Day of scientific discussion: December 22, 2019, Xi’an University of Technology, China
It is known that soil and water loss is serious in Loess Plateau, China. Soil erosion is a serious threat to the ecological environment and social productivity in watershed. The slope is considered as the main source of soil erosion. As the most basic unit of the watershed, slope is usually the beginning of the soil erosion research process. The sediment production mechanism of slope soil erosion and the quantitative study of sediment transport is a difficult and hot topic of international research. The thesis takes loess slope as the research object to develop the soil erosion numerical model. Firstly, the algorithm of hydrological-hydrodynamic numerical model is optimized. Secondly, the response of sediment yield to hydrodynamic parameters is analyzed through the indoor slope erosion experiment, and then the sediment transport capacity is established for loess slope. Finally, high-performance and robust numerical model is established for sediment transport processes simulation on loessal slope based on the optimized hydrological-hydrodynamic numerical model and established slope sediment transport capacity. The high-performance and robust numerical model is applied to simulate the rainfall erosion experiment for verification model. This research obtained the following main conclusions:
(1) A novel friction source term treatment method was developed for overland flow simulation using shallow water flow model, which improved the calculation efficiency of the hydrological-hydrodynamic numerical model and the accuracy of the surface runoff simulation. The mathematical method is applied to change the implicit solution into the explicit scheme for the friction source term in the shallow water equation by the quadratic equation, which improve calculation efficiency of the friction source term. Compared with the fully implicit algorithm, the proposed algorithm can save 45.16%-93.55% friction calculation time. The proposed algorithm function can be flexibly integrated into the shallow water equation.

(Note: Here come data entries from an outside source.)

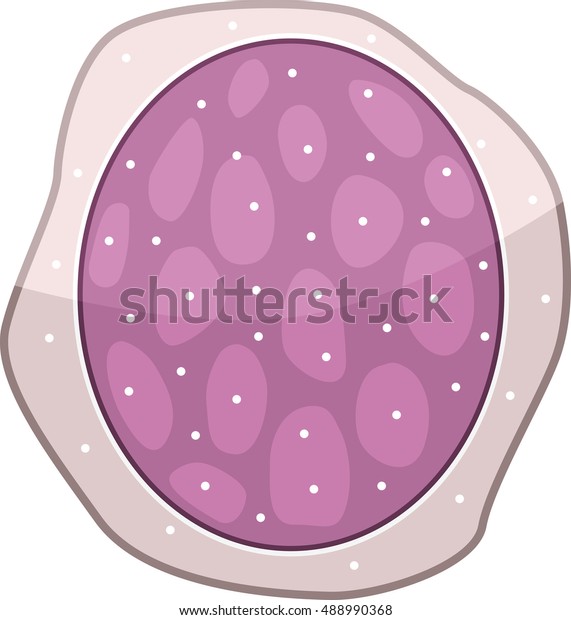 Lymphocyte Stock Vector (Royalty Free) 488990368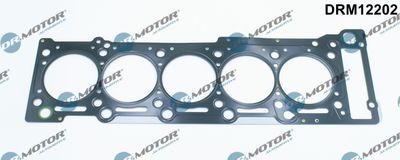 Gasket, cylinder head Dr.Motor Automotive DRM12202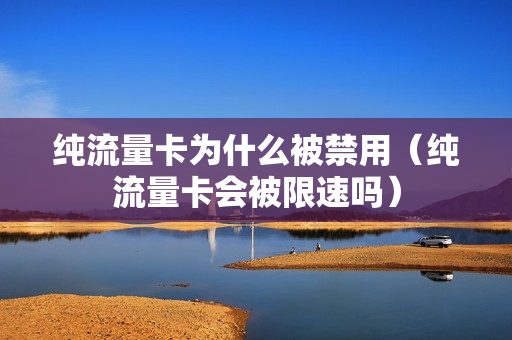 纯流量卡为什么被禁用（纯流量卡会被限速吗）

(2) Clarified the response of surface runoff simulation accuracy to high-resolution DEM, high-resolution DEM can significantly improve the accuracy of simulation results. By simulating the rainfall-runoff process in the 2m and 5m resolution DEM in watershed, it is shown that the capture accuracy of the peak flow and time for the higher-resolution DEM is increased by 14.71% and 20%, respectively. For the simulation accuracy of the runoff process, NSE and R2 increased by 26.03% and 14.67% respectively; RMSE and RB decreased by 22.58% and 84.78%, respectively.
(3) Revealed the response of sediment transport on slope to hydrodynamic parameters under different slope and flow conditions, slope sediment transport capacity formula was established based on unit energy power. Compared to the relationship between runoff shear stress, unit stream power and runoff energy consumption theory and slope erosion, it is shown that the three theories have themselves advantages in slope erosion research. The parameters are easy to obtain for unit stream power calculation, and unit stream power theory is widely used to the erosion model based on physical processes. Based on the slope sediment transport capacity formula of Govers, slope sediment transport capacity was corrected by introducing the viscous sand starting flow rate calculation method, the parameters based on the particle size of the sediment particles were determined through regression analysis of the experimental data. A corrected slope sediment transport capacity formula of Govers was established, which is suitable for the loess slope. Compared to original Govers formula, the established slope sediment transport capacity formula can is better to predict the sediment transport capacity. Regarding the evaluation metrics, P.O.0.5-2.0 and R2 are increased by 28.94% and 5.38%, and RMSE is reduced by 80.00%.
(4) The high-performance and robust numerical model of two-dimensional water and sediment on the slope was developed. The temporal and spatial evolution of slope runoff and sediment was simulated, and the source and change of erosion was identified on the slope. The hydrological-hydrodynamic numerical model coupled the slope sediment transport module established by corrected Govers sediment transport capacity formula, which shaped a high-performance robust numerical model for the two-dimensional water and sediment for the loess slope. The model simulation was verified by simulating the rainfall erosion experiment for slope and slope-gully. Regarding the evaluation metrics for slope simulation accuracy: the NSE were 0.83 for runoff rate and 0.66 for sediment concentration, R2 were 0.89 for runoff rate and 0.73 for sediment concentration, respectively, and RB was -5.02% for runoff rate and -1.02% for sediment concentration. Regarding the evaluation metrics for slope-gully simulation accuracy: the NSE were 0.81 for runoff rate and 0.47 for sediment concentration, R2 were 0.74 for runoff rate and 0.57 for sediment concentration, respectively, and RB was -5.88% for runoff rate and -1.53% for sediment concentration. The analysis of the slope erosion source in spatial shown that the most severely eroded area is the middle and lower part of the slope, and the erosion contribution rate of the slope 1~4m is 69.59%. It is necessary to carry out some measures for controlling the soil erosion in main erosion source area.